WHAT THE TASK ASKS:
Drop every picture, then transcribe the remaining data exactly.

Records from a collection:
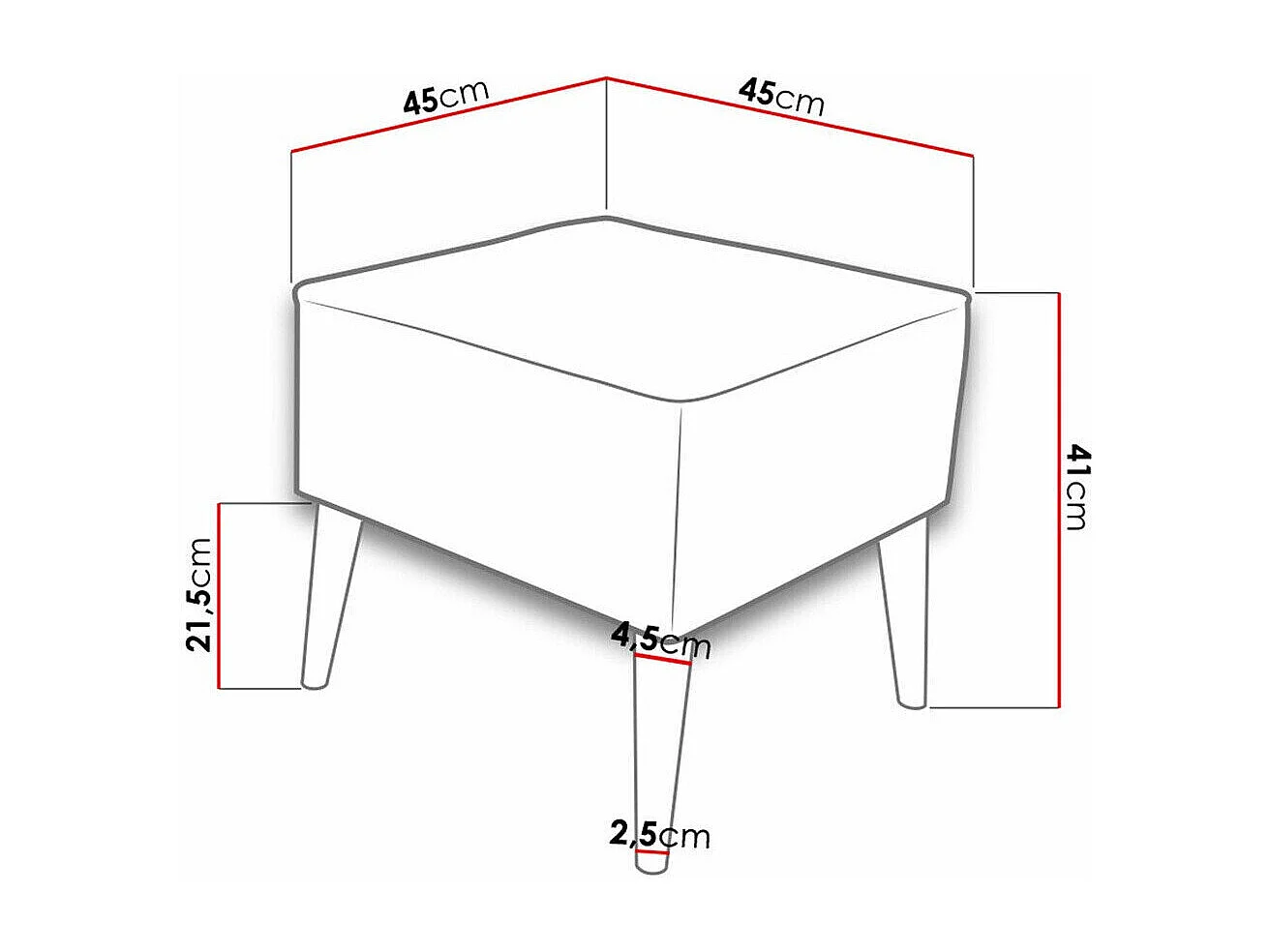 Puf Comfivo 205, Verde, 41x45x45cm, Tapiz, Patas: Madera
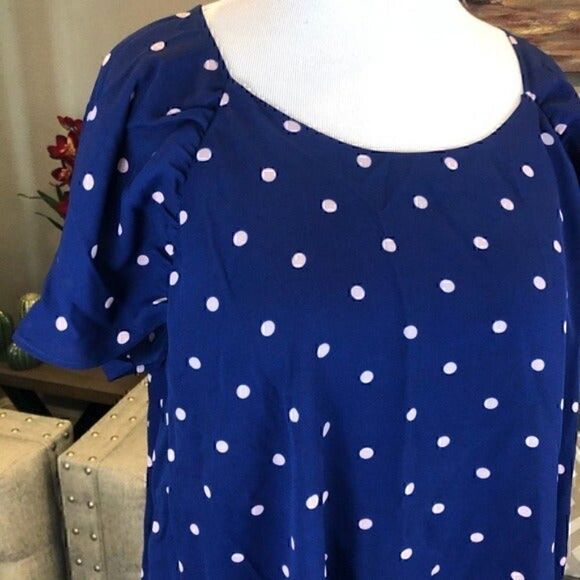 Gibson blue polka dot casual top 3X - Picture 6 of 10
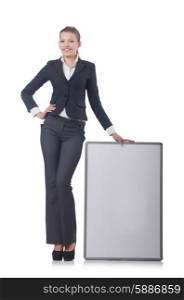 Woman businesswoman with blank board on white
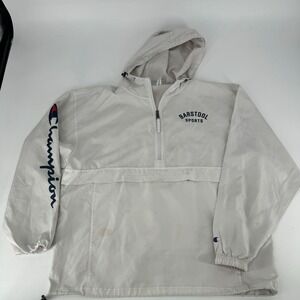 Champion Barstool Sports Anorak Jacket White Windbreaker Hooded Pullover Mens L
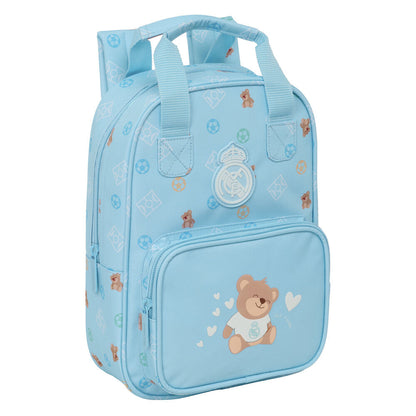 Mochila infantil azul Baby Real Madrid con osito y bolsillo frontal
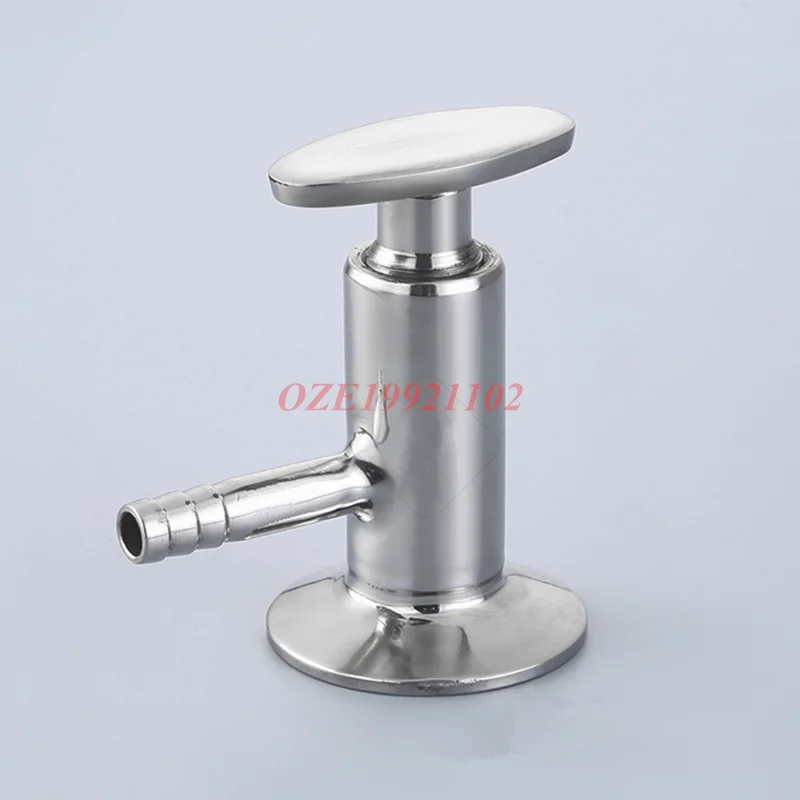 

1pc OD 50.5MM DN25 Tri Clamp Sanitary Sample Valve Elliptic Handle SUS 304 10MM Hose barb Outlet connection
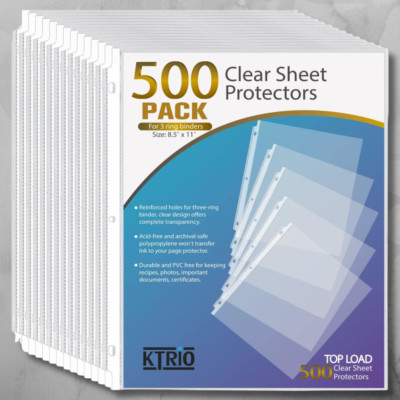 500 Sheet Protectors, 8.5 X 11 Inch Clear Page Protectors for 3 Ring Binder,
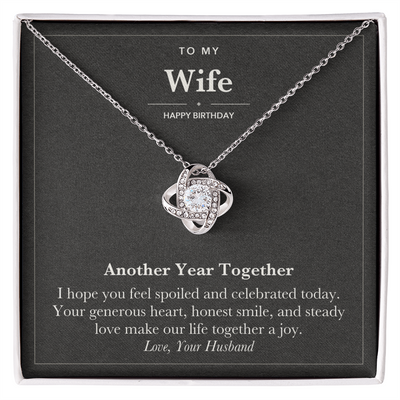 Load image into Gallery viewer, To My Wife Birthday Love Knot Necklace – Another Year Together
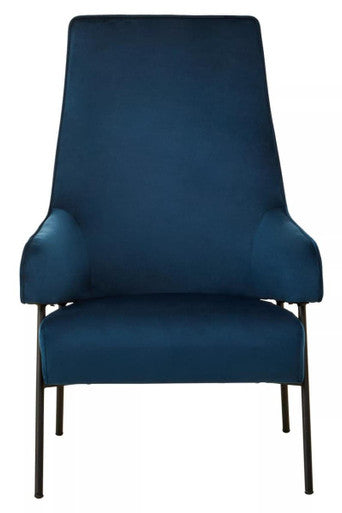 Henia Blue Velvet High Back Chair with Black Metal Legs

ANSWER FOR THE TASK:
 Puf Comfivo 205, Verde, 41x45x45cm, Tapiz, Patas: Madera
 Gibson blue polka dot casual top 3X - Picture 6 of 10
 Woman businesswoman with blank board on white
 Champion Barstool Sports Anorak Jacket White Windbreaker Hooded Pullover Mens L
 Mochila infantil azul Baby Real Madrid con osito y bolsillo frontal

1pc OD 50.5MM DN25 Tri Clamp Sanitary Sample Valve Elliptic Handle SUS 304 10MM Hose barb Outlet connection
 500 Sheet Protectors, 8.5 X 11 Inch Clear Page Protectors for 3 Ring Binder,
 Load image into Gallery viewer, To My Wife Birthday Love Knot Necklace – Another Year Together
 Henia Blue Velvet High Back Chair with Black Metal Legs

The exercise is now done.